Every project is a balancing act, a negotiation between what looks right and what works right. Some days, function wins by a mile. Other days you come up with something to remind yourself it’s not all about utility. But the moment you start letting form push function out of the driver’s seat entirely, you’re on the super highway to leaks and rot and lots of scratch down the waterfall in revisions, repairs, and replacements. And I’ve seen where that ends. I don’t like it.
This doesn’t mean I’m a purely utilitarian (philosophy reference there for those of you still not paying attention in the back) and let the design fall where it may. The sweet spot is where the two meet and feed each other, where the form isn’t just decoration, but a product of solving the functional problems well. That’s where a piece earns its keep. Literally. You’ll want to keep it and not treat it as dumpster-grade furniture.
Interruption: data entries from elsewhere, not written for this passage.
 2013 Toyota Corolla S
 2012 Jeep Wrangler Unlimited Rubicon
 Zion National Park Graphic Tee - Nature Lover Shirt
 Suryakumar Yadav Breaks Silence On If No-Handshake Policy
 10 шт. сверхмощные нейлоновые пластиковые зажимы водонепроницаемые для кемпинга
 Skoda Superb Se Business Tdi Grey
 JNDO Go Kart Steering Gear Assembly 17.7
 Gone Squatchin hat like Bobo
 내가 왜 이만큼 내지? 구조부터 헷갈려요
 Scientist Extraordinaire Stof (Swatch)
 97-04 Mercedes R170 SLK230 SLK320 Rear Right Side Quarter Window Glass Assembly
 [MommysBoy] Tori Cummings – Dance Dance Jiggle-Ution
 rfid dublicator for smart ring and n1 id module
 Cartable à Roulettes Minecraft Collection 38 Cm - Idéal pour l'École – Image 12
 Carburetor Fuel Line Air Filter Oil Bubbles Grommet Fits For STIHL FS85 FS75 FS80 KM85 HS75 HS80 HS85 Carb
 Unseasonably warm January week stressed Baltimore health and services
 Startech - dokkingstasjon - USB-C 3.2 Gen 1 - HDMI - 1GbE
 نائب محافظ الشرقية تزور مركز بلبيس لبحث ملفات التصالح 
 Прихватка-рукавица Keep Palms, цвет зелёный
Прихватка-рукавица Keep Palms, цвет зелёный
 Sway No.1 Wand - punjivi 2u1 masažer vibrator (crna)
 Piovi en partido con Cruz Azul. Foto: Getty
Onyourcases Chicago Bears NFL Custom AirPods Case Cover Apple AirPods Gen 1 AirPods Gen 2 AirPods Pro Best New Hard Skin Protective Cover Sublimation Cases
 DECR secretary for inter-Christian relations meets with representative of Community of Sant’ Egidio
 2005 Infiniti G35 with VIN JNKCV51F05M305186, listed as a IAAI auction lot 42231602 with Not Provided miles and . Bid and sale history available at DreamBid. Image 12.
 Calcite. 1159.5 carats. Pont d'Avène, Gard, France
So yes, I’ll admire Fallingwater from a respectful, dry distance. But if you hand me the keys, don’t be surprised when I politely hand them back and ask if you’ve got something else, perhaps with a roof that doesn’t require a bucket in every room and a multimillion dollar endowment to keep it upright.
Okay. Now get out those bows and arrows and turn me into a pincushion a la the late, great Toshiro Mifune in Throne of Blood. That guy had form, all right. And plenty of function to match. Ha!
Addenda: I wanted to post an image of Fallingwater here, but I’m afraid that probably runs afoul of copyrights and I don’t want to get sued. I actually have a couple exterior shots I took probably 20 years ago on a visit, but the images are on 35mm slide film. Anybody out there still know what a “chrome” is? Probably not. No matter. So, the image I give you is of a photo of a large silver maple on my property next to the little bridge that goes across the little stream.